[[ RECORDED INFORMATION, beginning ]]
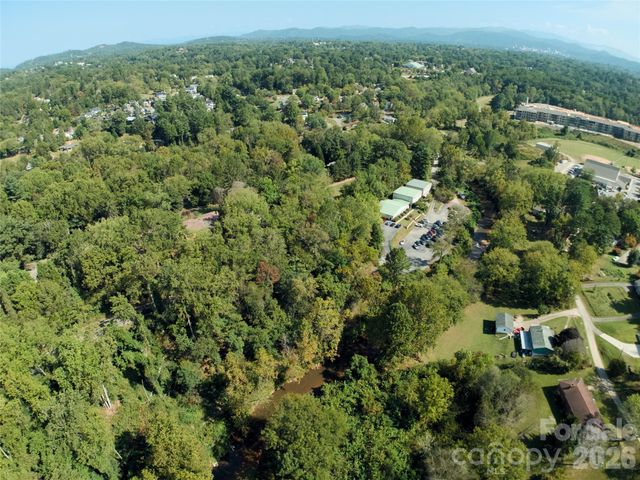 632 Sand Hill Road 1B, Asheville, NC 28806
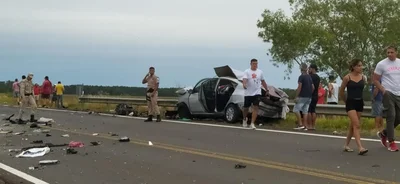 Un camión lleno de yerba volcó y aplastó un auto en una ruta de Corrientes: dos muertos
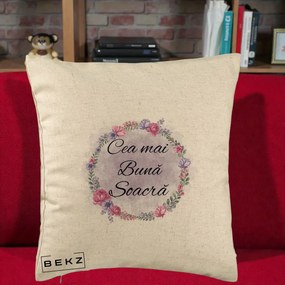 Cadou pentru Soacra - Perna Personalizata Cea mai Buna Soacra cu Coronita Flori Roz si Mov, 40x40 cm, Bej, Husa Detasabila, Perna Inclusa, BEKZ®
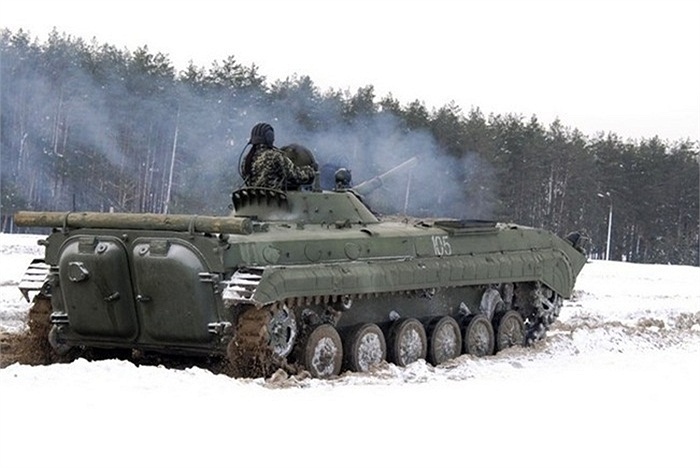 Lái xe tăng, xe bọc thép cũng là một phần thi quan trọng.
[[ RECORDED INFORMATION, end ]]
▸ PROBLEM STATEMENT: Please reproduce the listing exactly from its opening line through the line that contains "Un camión lleno", both included, with all pictures omitted.

▸ THE ANSWER:
 632 Sand Hill Road 1B, Asheville, NC 28806
 Un camión lleno de yerba volcó y aplastó un auto en una ruta de Corrientes: dos muertos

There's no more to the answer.